Dream by Priscilla Ahn ringing in my ears
New Year's Resolutions running through my mind
As a kid, I never gave much thought to New Year's Resolutions. I always thought it was something that you did once you got to Middle School, or something. When I reached Middle School, I figured, "I'm a kid, there isn't much I need to change about myself," and decided that High School was when I'd start setting and striving to achieve any yearly goals. Once High School rolled around, I acknowledged that I am a truly lazy person and responded to resolutions with with the same method I reserved for huge papers and projects: procrastination. Now that I'm in my second year of college, I feel like this is something I need to take seriously.
It's being impressed upon me more and more that I am an adult and need to be responsible, be driven, and act on that drive. I have to instill good habits now so that I can depend on them later in life - don't ignore my alarm clock now, because if I do in the real world, I'll be late and be fired; don't procrastinate and stay up all night to complete a project, because once I get a real job, if I do that, I'll oversleep, ignoring my alarm clock, be late, and be fired; write down everything I have to do, because if I don't, I'll forget until the night before, stay up all night, oversleep, ignoring my alarm clock, be late for my job, and be fired. You see how all my bad habits now will eventually lead to the deterioration of future me's job?
So I've gathered (read: been told time and time again) that I need to set some goals and "resolutions" for myself, to become a better person, and to help future me keep my job. The problem is, I still view New Year's Resolutions in the same way I did in Elementary, Middle, and High School. I know they would probably help me a good bit, but I also know that I will never stick to them. I could say that my resolutions are:
1. To go to sleep earlier and wake up on time.
2. To eat healthier.
3. Not to procrastinate.
4. To keep track of everything in a planner, like they tried to make me do in Elementary and Middle School.
5. To submit my first book for publication.
6. To finish my second book.
However, I know that I'm going to:
1. Stay up until roughly three a.m. tonight doing who even knows what, sleep through my alarm, and be extremely rushed to be at work at ten a.m. tomorrow.
2. Eat Chick-fil-A until I throw up, and then go get Zaxby's.
3. Wait as long as I can to go get my books for my classes, thus making myself overly stressed.
4. Insist I can remember when I'm supposed to work this next week, then promptly forget and have to go back in to check my schedule again.

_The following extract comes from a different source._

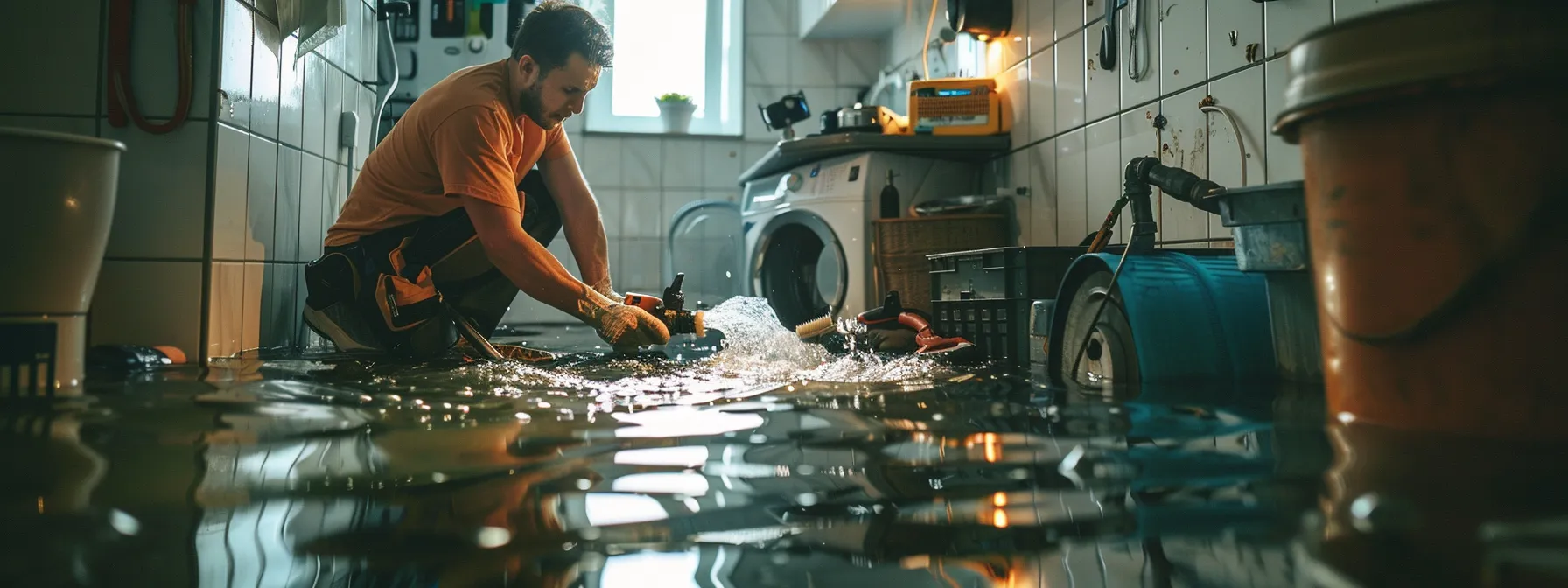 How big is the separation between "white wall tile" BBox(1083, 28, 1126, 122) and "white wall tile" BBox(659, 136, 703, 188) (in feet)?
8.45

5. Delay submitting my book because for every "no" I receive, a piece of my soul will flake off and die. Plus there's always something I can improve, right?
6. Give myself a "break" on my second book because I just spend a whole month writing it - I have plenty of time to finish it.
Look there - I already have reasons why I don't need to stick to my resolutions, so what on earth is going to keep me going through the whole year? The answer, reader, is nothing. Nothing will keep me going, so why start? Not trying at all is way better than failing. That way, no one has to know that I'm a failure. They'll just look at me and assume, as anyone would, that the reason I have not set any resolutions for myself is that I am already completely perfect and there is nothing about myself I need to change. Why would I correct them?
*This entry is rife with sarcasm. You have been warned.